We assessed whether children’s decision to intervene was influenced by age and allocation. A full GLMM on children’s rejection (0 = acceptance, 1 = rejection) provided a better fit to the data than the null model (LRT, χ2[5] = 36.11, p < .001), showing that the predictors combined significantly affected children’s intervention decisions. A model comparison between the full model and a more parsimonious model showed a significant interaction between allocation and age (LRT, χ2[2] = 22.46, p < .001). Specifically, as shown in Figure 2A, estimates for children’s rejection rate of unfair allocations increased with age from around 20% of trials at age 5 to more than 70% of trials by age 9 (LRT, χ2[1] = 9.20, b = .04, SE = .01, p < .01 for 3:1 and χ2[1] = 13.15, b = .05, SE = .02, p < .001 for 4:0), whereas rejection of fair allocations remained low at around 20% of trials overall (and even tended to slightly decrease with age; LRT, χ2[1] = 3.32, b = -.03, SE = .02, p = .07). In fact, pairwise comparisons showed that the trajectories of responding to unfair allocations differ both between 3:1 and 2:2 (b = .07, SE = .02, p < .001) and 4:0 and 2:2 (b = .07, SE = .02, p < .001), but not from each other (4:0 vs. 3:1, b = .01, SE = .02, p > .62). In sum, with age, children became more likely to intervene against unfair over fair allocations and punished allocations of 3:1 and 4:0 at similar rates. These results are consistent with the previous work (McAuliffe et al., 2015).
dev-58-5-866-fig2a.gif

One could speculate that 4:0 allocations would provoke more punishment than 3:1 allocations. However, we found no significant difference in the rejection rate between 3:1 and 4:0 allocations, suggesting that both types of unfair allocations elicit similar responses in children. Thus, it seems that the relatively smaller deviation from equality is sufficient to induce punishment.

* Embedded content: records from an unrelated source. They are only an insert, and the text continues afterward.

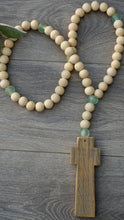 Load image into Gallery viewer, Handcrafted Wooden Cross + Sea Beaded Rosary
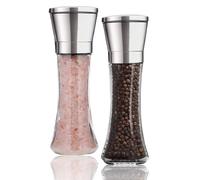 Macina Sale Pepe, 2 Pezzi, Saliera e Pepiera Manuale in Vetro e Acciaio Inox Macinapepe, Set Cucina Macina Sale Pepe Alti, per erbe aromatiche adatto per sale marino grosso, pepe in grani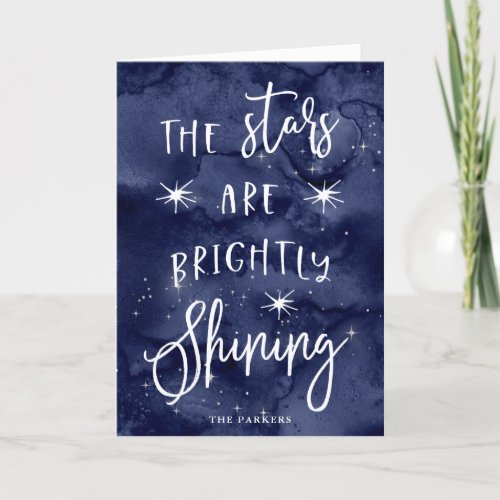Oh Holy Night  Stars at Christmas Holiday Card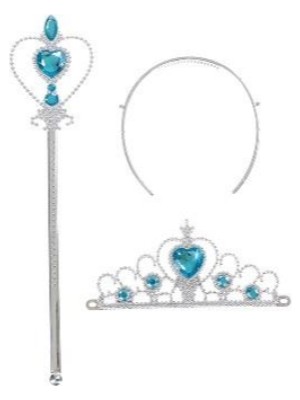 İsmiyle Al Karlar Ülkesi Elsa Mavi Kalpli Taç ve Mavi Asa Seti Çocuk Boy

How Often Do Children Create Exact Equality?

Next, we examined the rate at which children used punishment to establish perfect equality such that both players ended up with exactly the same number of coins. Here we look at the final outcomes across all trials, aggregating across trials with and without punishment. A full GLMM on children’s creation of perfect equality between two other players (0 = inequality, 1 = perfect equality) provided a significantly better fit to the data than the null model (LRT, χ2[5] = 183.39, p < .001). Model comparisons show significant main effects of allocation (LRT, χ2[2] = 163.51, p < .001) and age (LRT, χ2[1] = 19.31, p < .001), but no interaction between age and allocation (LRT, χ2[2] = 2.92, p > .23). Pairwise comparisons from the main effect of allocation revealed that exact equality occurred more often after fair allocations (M = .93, SD = .26) than in unfair allocations (b = −4.29, SE = .52, p < .001 for 2:2 vs. 3:1; b = −3.99, SE = .51, p < .001 for 2:2 vs. 4:0; b = .30, SE = .32, p > .34 for 3:1 vs. 4:0), which is not surprising given that equality already existed in fair allocations.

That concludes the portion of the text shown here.